ORDER 1. I.A. No.4734/2010, an application for condonation of delay in filing this revision, has been filed by the applicants. It is contended that the order passed in the note-sheet, though was approved by the Collector, was never communicated to the applicants within time and they were not aware whether their application under section 18 of the Land Acquisition Act, 1894 (herein after referred to as 'Act') was properly decided or not and on account of this reason, they could not approach this Court by way of filing this revision. 2. Though the notices of the said I.A. has been issued to the respondents, yet no response whatsoever has been filed by them. 3. Considering the aforesaid, I.A. stands allowed. The delay in filing the revision is condoned. 4. It is contended by learned Counsel appearing for the applicants that when the award was passed on 9.4.2006 by the Sub-Divisional Officer and Land Acquisition Officer, Betul, the said fact was never brought to the notice of the beneficiaries like applicants herein. They were not aware that their land has been acquired as they were not given any notice of their appearance.
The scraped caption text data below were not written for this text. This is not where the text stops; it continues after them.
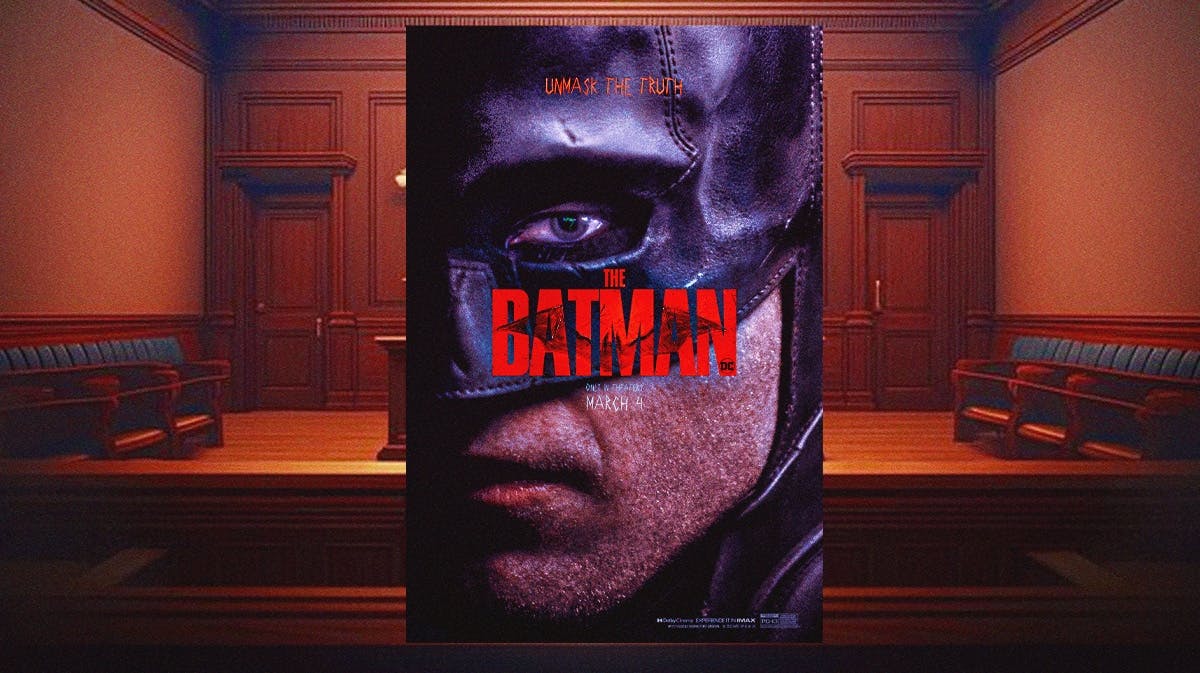 The Batman poster; Background: courtroom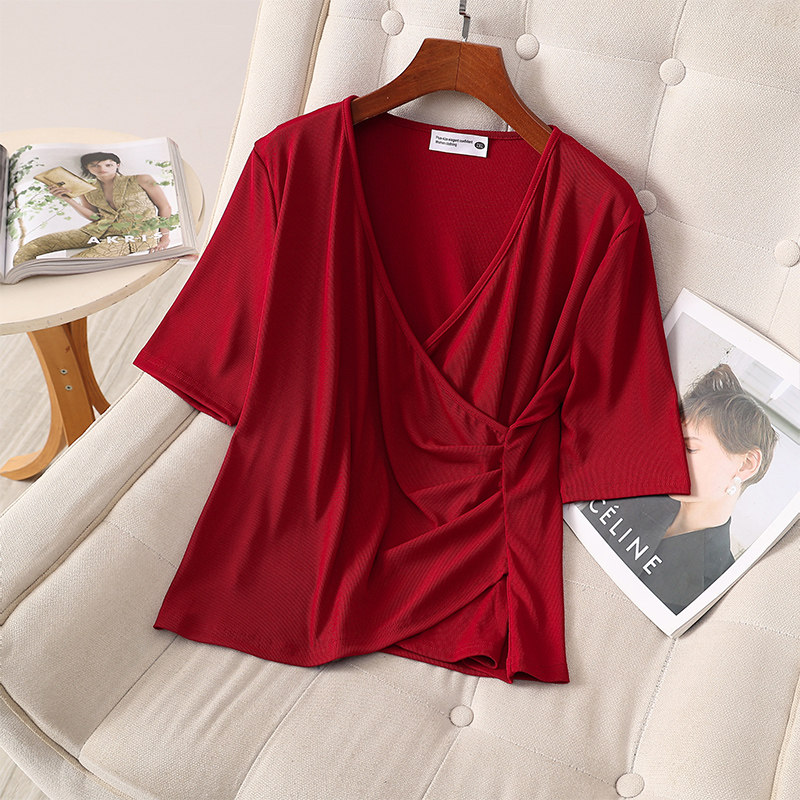 伊自尚2023年新款女装大码夏季胖mm洋气时尚显瘦百搭针织上衣女潮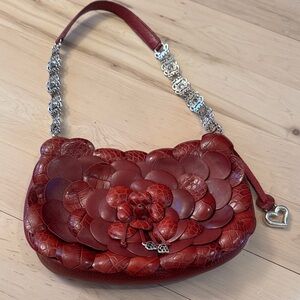 Brighton Rosalie Red Leather Rosette Rose-Purse Shoulder Bag-Y2K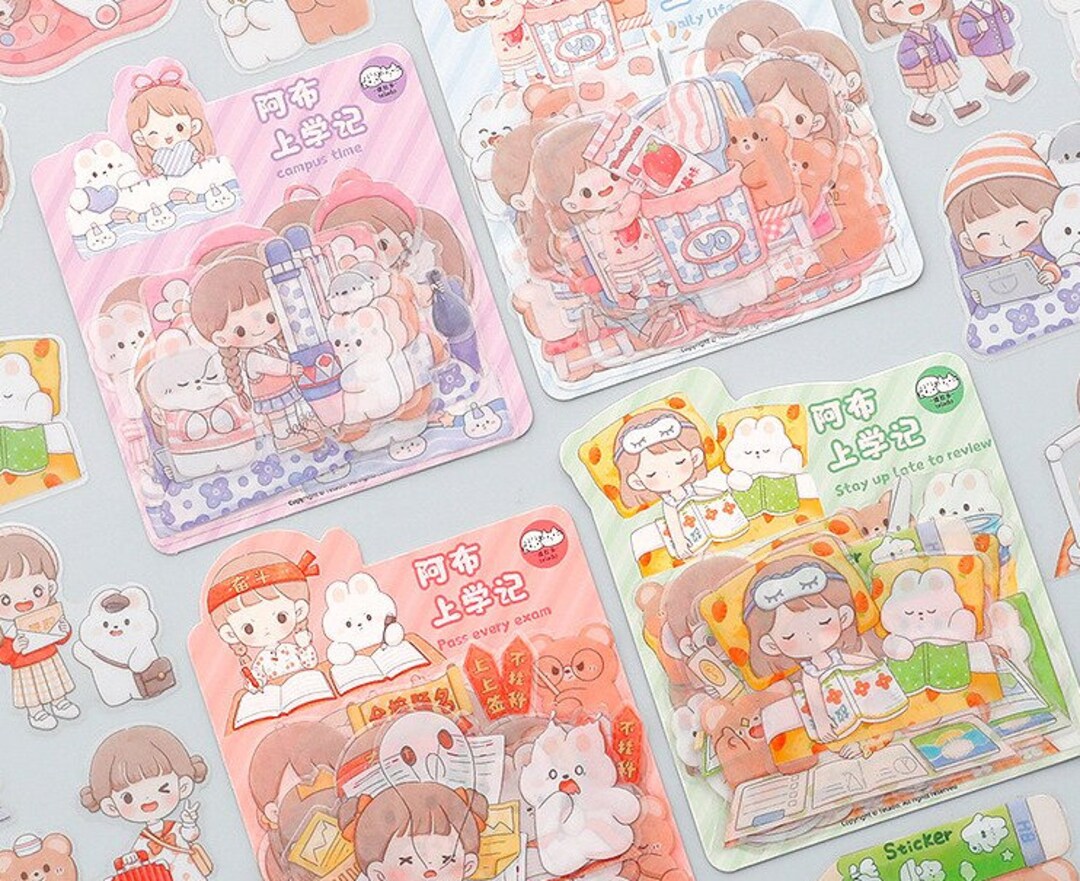 Autocollants 3D bouffants pour enfant, étiquette en mousse montable, dessin animé Kawaii Animal, pour téléphone portable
Only when the notice was issued to them, they were asked to receive the cheque of the award amount and nothing else. The moment they came to know about passing of the award, they moved an application under section 18 of the Act, which ought to have been decided by the Collector as under the provisions of the Act, such an application is to be considered only and only by the Collector and not by any other authority. This being so, the Sub-Divisional Officer was not required to look into the application of the applicants, the same was required to be referred to the Collector. However, purportedly exercising the powers of Land Acquisition Officer, though the Sub-Divisional Officer was not required to pass any order on the application of the applicants, the impugned order was passed. Approval of the same was obtained from the Collector and application of the applicants was rejected saying that it was barred by limitation. This being so, it is contended that the order impugned is per se illegal and liable to be set aside. 5.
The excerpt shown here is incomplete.